This Week in Glean: Your personal Glean data pipeline

Feb 25, 2022 · 1 minute read

(“This Week in Glean” is a series of blog posts that the Glean Team at Mozilla is using to try to communicate better about our work. They could be release notes, documentation, hopes, dreams, or whatever: so long as it is inspired by Glean.) All "This Week in Glean" blog posts are listed in the TWiG index (and on the Mozilla Data blog). This article is cross-posted on the Mozilla Data blog.

On February 11th, 2022 we hosted a Data Club Lightning Talk session. There I presented my small side project of setting up a minimal data pipeline & data storage for Glean.

The premise:

Can I build and run a small pipeline & data server to collect telemetry data from my own usage of tools?

To which I can now answer: Yes, it's possible. The complete ingestion server is a couple hundred lines of Rust code. It's able to receive pings conforming to the Glean ping schema, transform them and store it into an SQLite database. It's very robust, not crashing once on me (except when I created an infinite loop within it).
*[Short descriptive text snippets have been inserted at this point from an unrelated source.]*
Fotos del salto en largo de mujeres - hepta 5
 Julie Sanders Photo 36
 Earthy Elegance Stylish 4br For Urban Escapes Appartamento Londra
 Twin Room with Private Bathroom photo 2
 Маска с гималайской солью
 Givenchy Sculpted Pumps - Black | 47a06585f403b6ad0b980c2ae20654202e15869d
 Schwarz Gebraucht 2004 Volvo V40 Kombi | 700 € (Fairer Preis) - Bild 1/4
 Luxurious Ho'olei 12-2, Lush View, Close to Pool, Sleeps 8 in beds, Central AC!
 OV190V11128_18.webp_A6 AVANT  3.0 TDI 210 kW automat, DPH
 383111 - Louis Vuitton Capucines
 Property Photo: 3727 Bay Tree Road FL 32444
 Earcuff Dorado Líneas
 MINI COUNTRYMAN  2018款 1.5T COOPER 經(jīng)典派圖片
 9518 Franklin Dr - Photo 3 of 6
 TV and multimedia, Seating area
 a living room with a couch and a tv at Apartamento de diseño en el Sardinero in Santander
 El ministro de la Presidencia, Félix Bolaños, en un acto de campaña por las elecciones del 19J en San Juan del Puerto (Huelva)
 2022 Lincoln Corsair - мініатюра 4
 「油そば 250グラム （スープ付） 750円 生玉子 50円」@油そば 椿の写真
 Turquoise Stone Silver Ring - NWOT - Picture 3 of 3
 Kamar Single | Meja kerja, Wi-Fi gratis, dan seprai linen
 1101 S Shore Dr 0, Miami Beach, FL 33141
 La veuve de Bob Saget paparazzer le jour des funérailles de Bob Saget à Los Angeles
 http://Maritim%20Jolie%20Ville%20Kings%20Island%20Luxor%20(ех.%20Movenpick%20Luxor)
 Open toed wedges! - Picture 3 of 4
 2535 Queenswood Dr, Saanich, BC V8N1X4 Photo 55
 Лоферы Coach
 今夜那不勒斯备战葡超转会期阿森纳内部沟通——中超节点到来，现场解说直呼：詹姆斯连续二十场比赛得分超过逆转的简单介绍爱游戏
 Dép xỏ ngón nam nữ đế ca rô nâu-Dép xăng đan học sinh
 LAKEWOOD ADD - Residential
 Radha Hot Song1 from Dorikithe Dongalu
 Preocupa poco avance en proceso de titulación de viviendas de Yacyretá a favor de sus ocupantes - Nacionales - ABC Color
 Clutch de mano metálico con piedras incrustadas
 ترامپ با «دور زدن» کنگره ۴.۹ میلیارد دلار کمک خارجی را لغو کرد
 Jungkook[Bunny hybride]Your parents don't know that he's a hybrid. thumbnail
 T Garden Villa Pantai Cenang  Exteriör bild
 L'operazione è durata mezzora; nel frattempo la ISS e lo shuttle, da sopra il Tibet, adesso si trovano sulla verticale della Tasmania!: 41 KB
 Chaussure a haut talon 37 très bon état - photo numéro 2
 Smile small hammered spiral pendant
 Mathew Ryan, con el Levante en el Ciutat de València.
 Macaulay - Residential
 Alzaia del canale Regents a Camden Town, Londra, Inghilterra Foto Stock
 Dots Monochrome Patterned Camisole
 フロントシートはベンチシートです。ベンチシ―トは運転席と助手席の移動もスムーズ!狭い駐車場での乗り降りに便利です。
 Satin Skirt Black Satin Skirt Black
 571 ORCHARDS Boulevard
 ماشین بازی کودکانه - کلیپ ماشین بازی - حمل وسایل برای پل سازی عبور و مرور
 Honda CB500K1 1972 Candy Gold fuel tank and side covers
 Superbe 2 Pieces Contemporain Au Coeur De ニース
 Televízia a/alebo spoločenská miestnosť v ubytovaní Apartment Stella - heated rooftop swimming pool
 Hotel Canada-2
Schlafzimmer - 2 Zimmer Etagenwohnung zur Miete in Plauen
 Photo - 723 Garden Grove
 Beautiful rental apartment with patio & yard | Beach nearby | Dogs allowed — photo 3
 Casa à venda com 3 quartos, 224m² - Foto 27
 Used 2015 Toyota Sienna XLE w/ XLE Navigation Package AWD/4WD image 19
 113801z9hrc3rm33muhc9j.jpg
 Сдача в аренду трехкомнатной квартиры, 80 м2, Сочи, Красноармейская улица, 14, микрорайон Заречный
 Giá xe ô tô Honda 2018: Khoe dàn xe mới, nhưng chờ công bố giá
You can watch the lightning talk here:

Instead of creating some slides for the talk I created an interactive report. The full report can be read online.

Besides actually writing a small pipeline server this was also an experiment in trying out Irydium and Datasette to produce an interactive & live-updated data report.

Irydium is a set of tooling designed to allow people to create interactive documents using web technologies, started by wlach a while back. Datasette is an open source multi-tool for exploring and publishing data, created and maintained by simonw. Combining both makes for a nice experience, even though there's still some things that could be simplified.

My pipeline server is currently not open source. I might publish it as an example at a later point.